UXarray addresses this challenge through its periodic_elements
parameter in polygon plotting functions. This parameter offers three approaches for managing faces that intersect with the antimeridian:
periodic_elements='exclude'
(Default)
Faces that cross the antimeridian are masked, removing them from the visualization. While this approach may omit some data, it offers optimal performance and is recommended for most use cases.
periodic_elements='split'
Faces that cross the antimeridian are divided, ensuring complete data representation. However, this processing step impacts the initial plotting time.
periodic_elements='ignore'
Faces that cross the antimeridian are not processed.
For optimal visualization performance, we recommend maintaining the default periodic_elements='exclude'
setting unless complete data representation at the antimeridian is essential for your specific analysis.
(
uxds["bottomDepth"].plot.polygons(
periodic_elements="exclude", title="periodic_elements='exclude'"
)
+ uxds["bottomDepth"].plot.polygons(
periodic_elements="split", title="periodic_elements='split'"
)
).cols(1)
When working with data near or across the antimeridian (180° longitude), selecting an appropriate projection becomes crucial for accurate visualization. For comprehensive guidance on handling such scenarios, including recommended projections and geographic features, please refer to the Geographic Projections & Features notebook.
Polygon Plots for Node/Edge Data
Polygon plots require face-centered data variables, as each polygon must be rendered with a single value. This limitation presents a challenge when working with node-centered or edge-centered data, requiring a conversion process to map the data to faces.
One effective approach is to perform topological averaging. This method calculates the mean value of adjacent nodes or edges and assigns the result to each face, creating a face-centered representation suitable for polygon visualization. While this transformation may introduce some averaging effects, it provides a practical solution for visualizing node and edge data within the constraints of polygon plotting.
grid_path = "../../meshfiles/hex.grid.nc"
data_path = "../../meshfiles/hex.node.data.nc"
uxds_node_centered = ux.open_dataset(grid_path, data_path)
uxds_node_centered["random_data_node"].topological_mean(destination="face").plot()
Points
Points provide an alternative visualization method that offers flexibility across different data mappings. This approach maps data values to specific coordinates, enabling visualization of node-centered, edge-centered, or face-centered data.
The following visualization demonstrates this technique using face-centered data. Each point corresponds to a face center coordinate and displays its associated data value. This method maintains data fidelity while presenting the information in a discrete, coordinate-based format.
uxds["bottomDepth"].plot.points()
Rasterization
As with polygon-based visualizations, point-based plots support rasterization through the rasterize=True
parameter. This optimization technique converts vector-based points into a raster format during rendering.
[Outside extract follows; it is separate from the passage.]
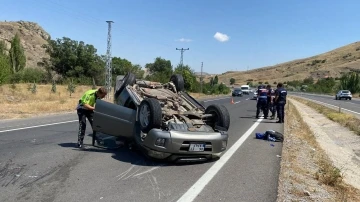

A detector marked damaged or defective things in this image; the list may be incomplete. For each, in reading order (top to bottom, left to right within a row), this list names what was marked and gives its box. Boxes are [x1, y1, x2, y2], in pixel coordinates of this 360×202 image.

overturned car [93, 72, 231, 163]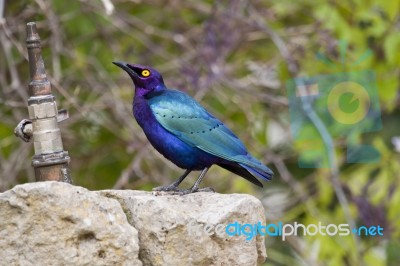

uxds["bottomDepth"].plot.points(rasterize=True)
Point-based rasterization demonstrates different characteristics across varying data resolutions. For coarse-resolution data like our example, point-based visualization produces notably lower visual quality compared to polygon-based approaches.
However, rasterized point plots emerge as a valuable tool for high-resolution grid visualization, offering significant performance advantages. For detailed information about leveraging this technique with high-resolution data, please refer to the Visualizing High-Resolution Grids section.